So, here's what I think about that dream I remembered so clearly when I woke this morning. (I will give you a hint: the protagonist in the dream was my wife's first husband, and he was in my hotel room). I think the backup to my mind's hard drive was unscrambling some of what I have been scrambling in my attempts to make rational sense of my life.

Protecting me against the danger of acting as if a rational approach to the day might be useful. Or even safe.

Rational, well-ordered intentions - which we are all taught to prize and polish - can be useful for impressing each other. But for guiding us through the chaos of real life, they leave us impoverished and even in danger.

Dreams, the deep defense against the arrogance of ego.

Thursday, January 10, 2008

 

Ms. Steinem & Senator Clinton

Two of my daughters - smart, sophisticated women with jobs requiring more of them than i think any of mine ever did of me - sent me the Gloria Steinem piece from the NY Times the day before the New Hampshire primary, when Barack Obama looked about to become the rock star of the Democratic Party and Hilary Clinton was to be relegated to the dustbin.

What neither Gloria nor the pundits (nor, I dare say, Hilary or Barack, or just about anyone else) could have known, what the column was about may have turned out to be what caused one of those major surprises that make politics still and fun sport even with all the pollsters trying to remove the guesswork.

The article begins by asking the question: if a young smart, attractive, half black, half white, first term woman senator ran for president, would you think she wasn't quite ready?

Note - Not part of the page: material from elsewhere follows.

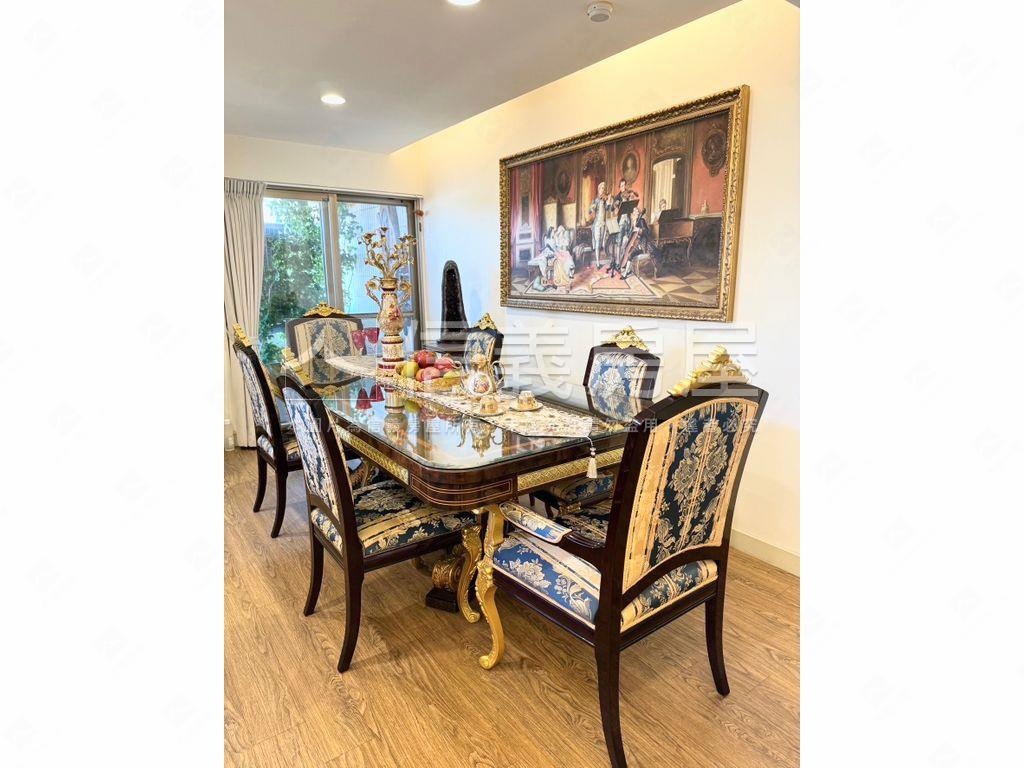 國家大樓增值潛力佳房屋室內格局與周邊環境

The point of the article was that gender remains the largest unresolved stumbling block to rising to the top in American life.

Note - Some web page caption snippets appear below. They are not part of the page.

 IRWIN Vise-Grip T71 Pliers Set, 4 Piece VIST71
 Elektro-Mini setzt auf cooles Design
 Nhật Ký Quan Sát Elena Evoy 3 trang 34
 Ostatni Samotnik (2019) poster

Ms. Steinem claims that a black man can now rise to the top (and can be fired if things go sour as they did recently at Merrill Lynch). But a woman still faces deep free-floating prejudice.

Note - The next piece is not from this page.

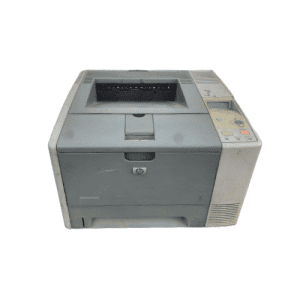 Купить Принтер HP 2420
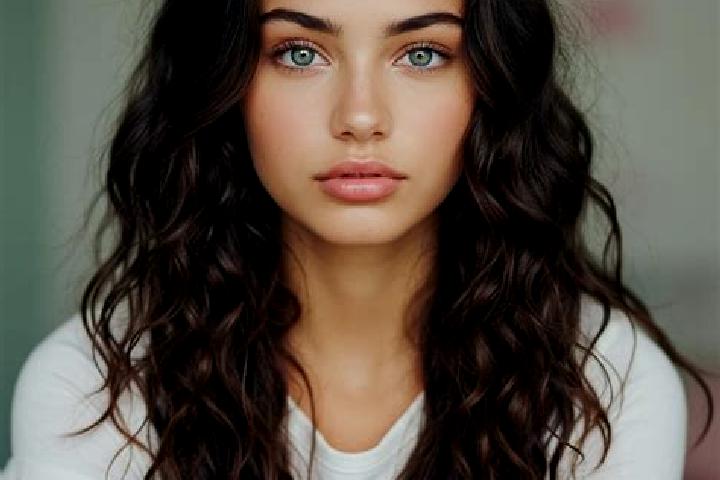 Luna, 32, a brunette amber-eyed mediterranean companion based in Dar. Offering Prostate Massage, Party Girl, Deep French Kissing, Domination, BDSM. Available...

One of our daughters wrote after Senator Clinton had betrayed some emotion (I watched the clip and thought she merely paused at a significant point in describing why she was running, hardly a breakdown like Senator Muskie's famous tears when someone spoke ill of his wife.In fact I am so cynical that I wondered if Senator Clinton might have purposely put that hitch into her voice to counter some of the criticism that she is cold and hard-hearted.)

It seems our daughter and her husband had a discussion - maybe even an argument - about what to make of that uncharacteristic show of Senator Clinton's emotions. Our son-in-law said he thought it was a show of weakness inappropriate to the carrying out of heavy responsibility on the world stage. Knowing our daughter, I doubt he came right out and said that's why he doesn't think a woman should be president.

Our daughter asked him why a show of emotion in a wearying, tough moment should be considered a weakness.

I got drawn in because I always get drawn into these things in our family.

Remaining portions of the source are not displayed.